### Problem details
Output the data below exactly, images excluded.

### Supplied data
----------
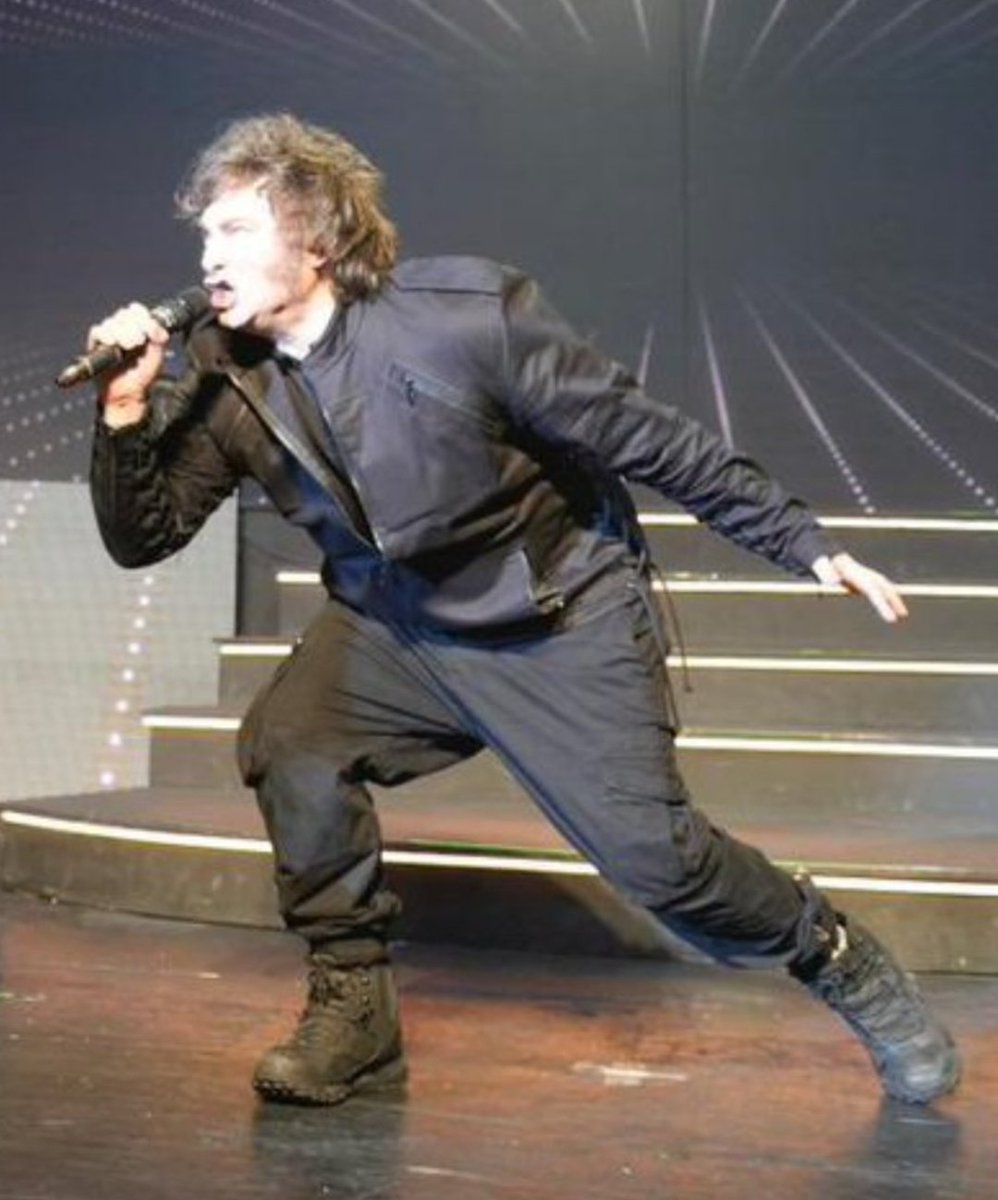 BastaPosta's tweet image. Foto con olor.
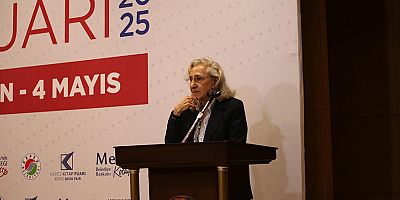 İnci Aral Kepez Kitap Fuarı’nda okurlarıyla buluştu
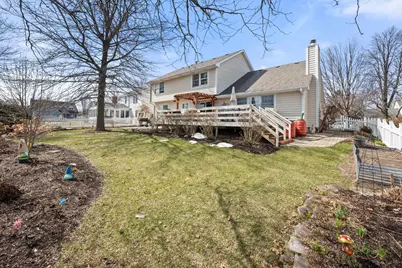 1020 Berkshire Court, Sycamore, IL 60178 - Photo 7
----------
### Result of this exercise
 BastaPosta's tweet image. Foto con olor.
 İnci Aral Kepez Kitap Fuarı’nda okurlarıyla buluştu
 1020 Berkshire Court, Sycamore, IL 60178 - Photo 7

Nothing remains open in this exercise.